The problem – Repeat the lines from the one containing "They've made other" through the last line of the data, exactly, pictures omitted.

Source data –
---+---

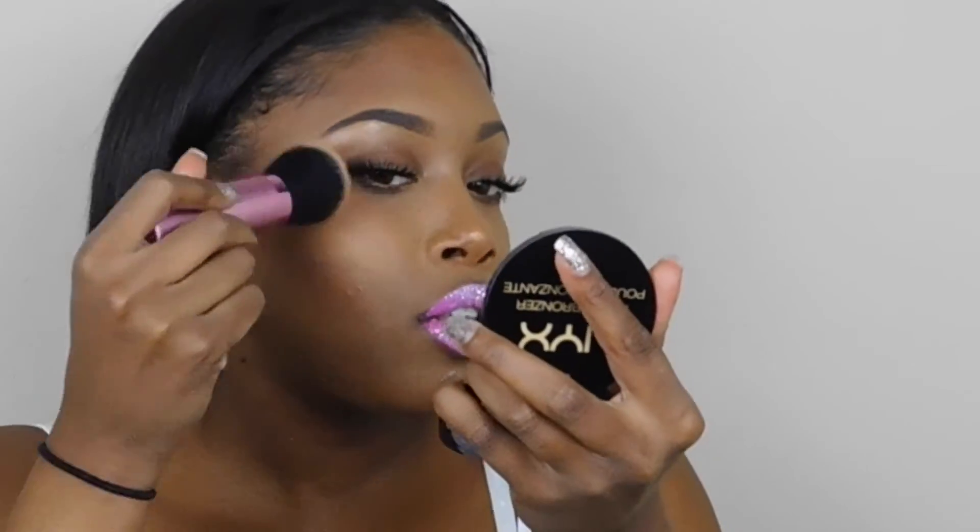To blend I'm just using a kabuki brush. These are the best brushes to use to blend, I think so. And now we're just going to spray with setting spray, and we're done!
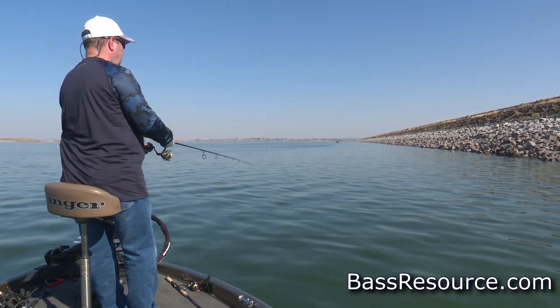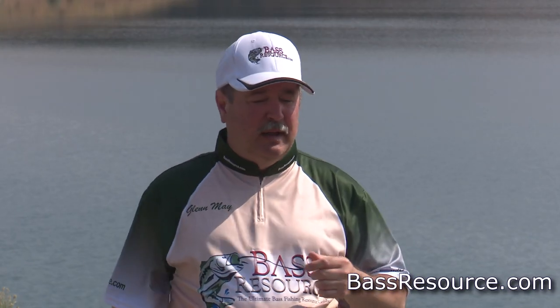They've made other improvements too. For example, the roller bearing — this is where the line goes through as it's being wound back onto the spinning reel. Years ago you'd have to replace those every now and then because they'd wear out, and the line would create a groove in the roller bearing. Today, the materials they make them out of, like titanium, are impervious to that, so you don't have to worry about it anymore. Even the cheaper reels today have great roller bearings and great gears. Again, you don't have to spend a whole bunch of money to get a quality spinning reel.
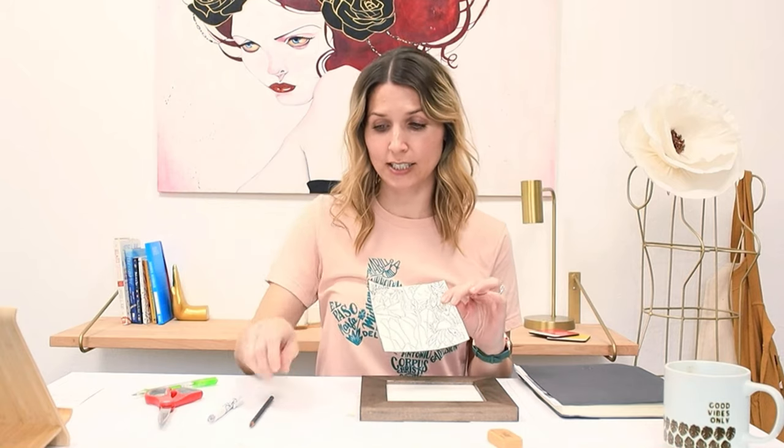And there you have it — a little tutorial on how to transfer an image over to another surface. So now my wood panel is all set and ready to paint on. One thing that I learned in this process, and it's not a bad thing, is that when you're transferring from paper to paper, it works great to use a pencil to trace over your image to transfer the graphite on the back onto the surface you're going to be working on.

---+---

Written response –
They've made other improvements too. For example, the roller bearing — this is where the line goes through as it's being wound back onto the spinning reel. Years ago you'd have to replace those every now and then because they'd wear out, and the line would create a groove in the roller bearing. Today, the materials they make them out of, like titanium, are impervious to that, so you don't have to worry about it anymore. Even the cheaper reels today have great roller bearings and great gears. Again, you don't have to spend a whole bunch of money to get a quality spinning reel.
And there you have it — a little tutorial on how to transfer an image over to another surface. So now my wood panel is all set and ready to paint on. One thing that I learned in this process, and it's not a bad thing, is that when you're transferring from paper to paper, it works great to use a pencil to trace over your image to transfer the graphite on the back onto the surface you're going to be working on.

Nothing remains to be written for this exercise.